Deficit Reduction by borrowing, no tax increases (and free pie too)

The President continued his policy to destroy the financial underpinnings of this country (see “mandate”) more or less unabated, today “taking payroll tax increases off the table” to fund his (insane) social security privatization scam… scheme.
Obviously, if we (1) won’t raise payroll taxes and (2) won’t reduce social security (or medicare) benefits, and (3) won’t increase other federal taxes, then that pretty much leaves (4) massive borrowing as the only available option to fund proposed increased costs of social security administration envisioned by the private account gifts to Wall Street… er, younger workers.

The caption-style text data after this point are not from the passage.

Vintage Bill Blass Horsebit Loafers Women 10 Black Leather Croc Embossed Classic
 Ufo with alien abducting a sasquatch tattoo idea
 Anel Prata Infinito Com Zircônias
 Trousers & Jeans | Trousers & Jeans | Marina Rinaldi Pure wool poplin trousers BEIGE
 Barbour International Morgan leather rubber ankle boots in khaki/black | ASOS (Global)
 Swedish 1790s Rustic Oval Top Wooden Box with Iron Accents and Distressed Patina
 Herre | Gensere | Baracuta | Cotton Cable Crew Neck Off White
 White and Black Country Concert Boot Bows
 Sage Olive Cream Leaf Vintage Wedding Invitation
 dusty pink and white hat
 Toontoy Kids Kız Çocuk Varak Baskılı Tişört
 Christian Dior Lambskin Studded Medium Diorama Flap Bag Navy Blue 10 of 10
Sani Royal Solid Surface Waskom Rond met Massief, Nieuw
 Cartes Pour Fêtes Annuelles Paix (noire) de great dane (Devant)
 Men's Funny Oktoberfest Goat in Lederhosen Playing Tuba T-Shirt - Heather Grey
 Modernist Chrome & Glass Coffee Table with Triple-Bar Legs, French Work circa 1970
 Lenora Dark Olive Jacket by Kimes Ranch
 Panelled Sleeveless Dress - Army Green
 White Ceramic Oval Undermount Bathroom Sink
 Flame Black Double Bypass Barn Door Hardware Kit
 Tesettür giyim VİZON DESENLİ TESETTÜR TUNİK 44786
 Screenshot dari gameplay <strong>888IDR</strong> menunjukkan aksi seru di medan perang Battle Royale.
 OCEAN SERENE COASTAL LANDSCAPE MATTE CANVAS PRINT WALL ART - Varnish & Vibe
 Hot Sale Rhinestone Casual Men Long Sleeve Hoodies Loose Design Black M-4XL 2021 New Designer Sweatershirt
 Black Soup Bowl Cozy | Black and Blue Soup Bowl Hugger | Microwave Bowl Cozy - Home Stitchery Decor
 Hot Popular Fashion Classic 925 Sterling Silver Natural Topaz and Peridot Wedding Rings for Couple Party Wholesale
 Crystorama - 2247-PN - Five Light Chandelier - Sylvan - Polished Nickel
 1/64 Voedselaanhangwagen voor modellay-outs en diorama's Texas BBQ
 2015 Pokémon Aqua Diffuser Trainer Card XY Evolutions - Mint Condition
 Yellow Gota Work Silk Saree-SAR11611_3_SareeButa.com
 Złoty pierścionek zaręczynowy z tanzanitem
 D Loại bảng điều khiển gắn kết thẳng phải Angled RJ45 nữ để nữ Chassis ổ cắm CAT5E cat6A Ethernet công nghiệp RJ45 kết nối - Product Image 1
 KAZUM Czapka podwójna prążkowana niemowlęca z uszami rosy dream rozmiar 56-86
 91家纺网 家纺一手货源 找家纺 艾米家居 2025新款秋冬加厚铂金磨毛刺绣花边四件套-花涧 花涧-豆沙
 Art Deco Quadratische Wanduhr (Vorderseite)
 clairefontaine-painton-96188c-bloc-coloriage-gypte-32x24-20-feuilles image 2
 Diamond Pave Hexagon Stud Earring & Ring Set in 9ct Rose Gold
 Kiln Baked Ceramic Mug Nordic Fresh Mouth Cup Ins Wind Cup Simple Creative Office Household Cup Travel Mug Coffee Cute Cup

The issue, of course (the real issue) is whether our financial overlords in Beijing (as opposed to our political overlords in Riyadh) are willing to buy another couple of trillion in funny paper. Frankly, fans as they are of a government that puts Mitch McConnell’s wife in the amusing position of Secretary of Labor, there is a limit to the PRC’s indulgence. And two trillion more dollars of unnecessary deficit is almost certainly going to take us to and past that limit.
And therein lies the problem: we have been on borrowed time and money for so long, we think there is no limit. Well, there is a limit. We’re watching it now as the dollar is collapsing in every market in the world (except artificially pegged Beijing, and a few outliers like that). After a while, even though it encourages us to buy Chinese tchotchkes, Beijing will not be able to sustain a yuan at levels that are really several times what a floating or market rate would sustain: they’ll literally be giving us the fruits of their slave labor… and they surely don’t want to do that.
Interest rates, of course, must increase, to draw foreign capital here. This will, automatically and inexorably, reduce home values, and eventually, the vicious cycle of economic contraction will get going. And it won’t be pretty.
The Bush Administration gives us its usual answer to the foreboding economic conditions: “bring it on”.
My financial advice remains pretty much as you’d expect: invest generously in canned goods, bottled water and ammunition.